Schools destroyed shop class. In the 1970s, shop was taught in most American high schools — wood, metal, auto, ceramics. Then No Child Left Behind tied funding to test scores, and there's never been a standardized test for shop class. Budget committees cut the expensive rooms first. Liability officers saw table saws and said no. Guidance counselors stopped mentioning trades unless a kid was already failing. Seattle went from seventeen shop programs to four. Phoenix closed every one. The mid-1980s had 48,000 shop teachers in American schools — most of them are retired or dead now, and nobody replaced them.

The result is two generations of Americans who have never held a real tool. They can't fix a wobbly chair, change a bike tire, or look at something broken and figure out how it works. The pipeline from "kid who's good with their hands" to "adult who builds things" was severed at the root. Some states are rebranding what's left as Career Technical Education, but the infrastructure is gone — the teachers, the equipment, the buildings. You can't rebuild fifty years of shop class with a policy memo.

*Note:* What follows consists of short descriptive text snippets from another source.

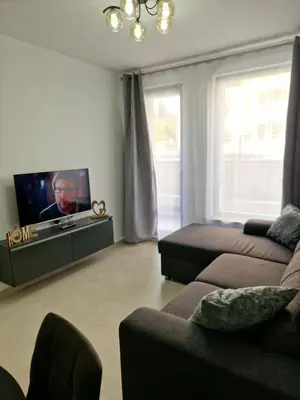 a living room with a couch and a flat screen tv at Polarstar 2-Zimmer Appartements in Sveti Vlas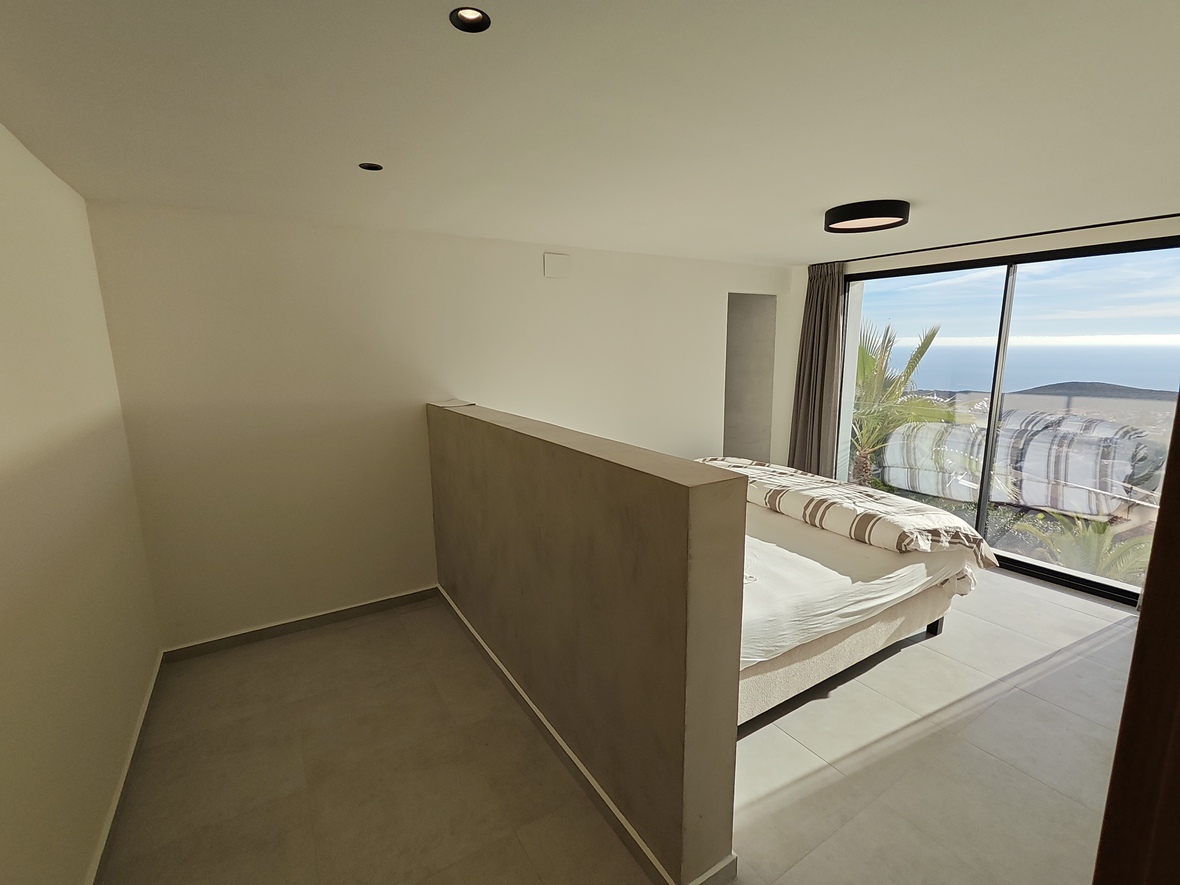 Minimalist bedroom featuring a low partition wall, large sliding glass doors with ocean views, and integrated recessed ceiling lighting.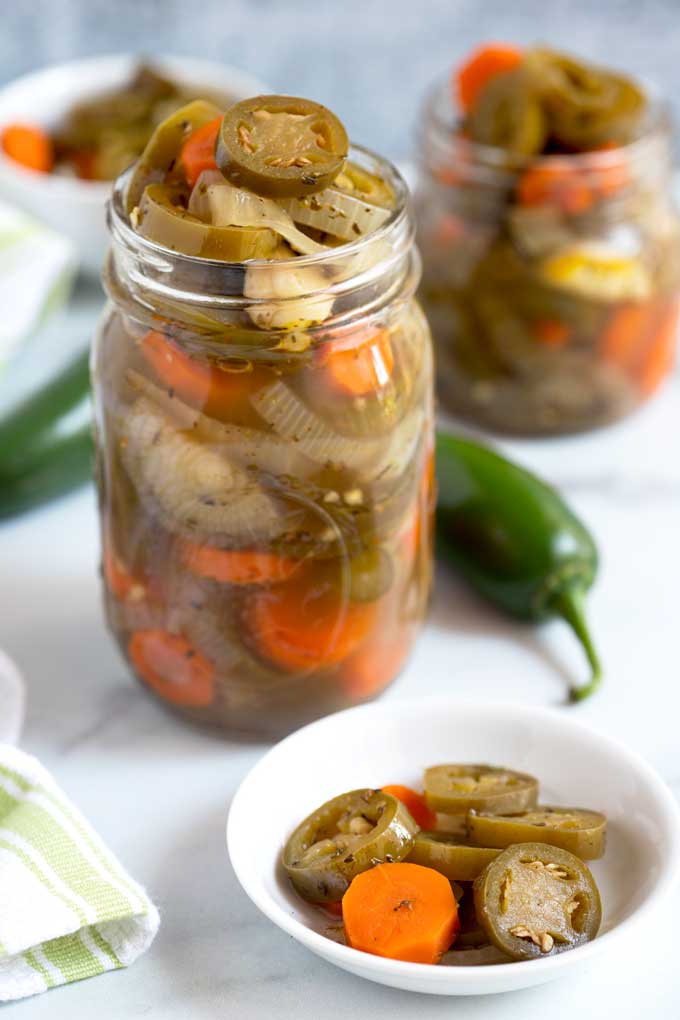 A jar filled to the rim with pickled jalapenos and carrots next to a small plate with pickled jalapenos.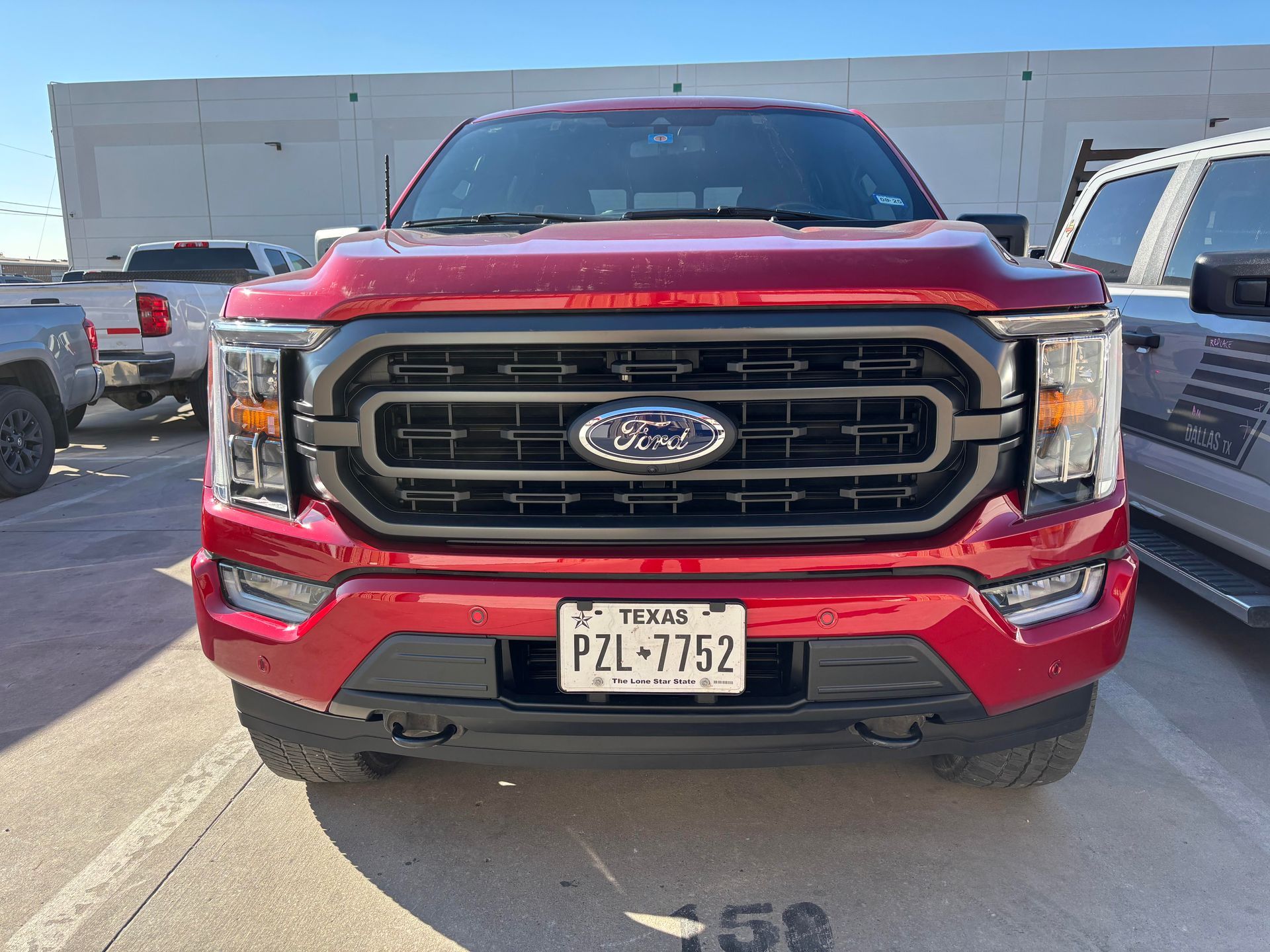 A red ford f150 truck is parked in a parking lot.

And now it's happening again with AI. The most powerful tool in a generation landed in everyone's pocket and nobody taught them how to use it. Schools aren't teaching AI literacy. Employers aren't training for it. Community colleges don't offer it. The people who need it most — small business owners, tradespeople, first-time inventors — are the last ones to get access, because the tech industry built AI for developers and charged everyone else admission. We watched an entire country lose the ability to work with their hands because nobody prioritized teaching it. We're watching the same thing happen right now with the tool that could give those hands a brain.

7 Million to
Half a Million
Students with hands on real tools. 1982 vs. today.
60,000 to
a Few Thousand
Shop teachers in America. 1982 vs. today.
Zero to
200 Million
People using AI in five years. Nobody taught them either.
“Two generations forgot how to build. Now the most powerful tool in history showed up and nobody knows how to use that either.”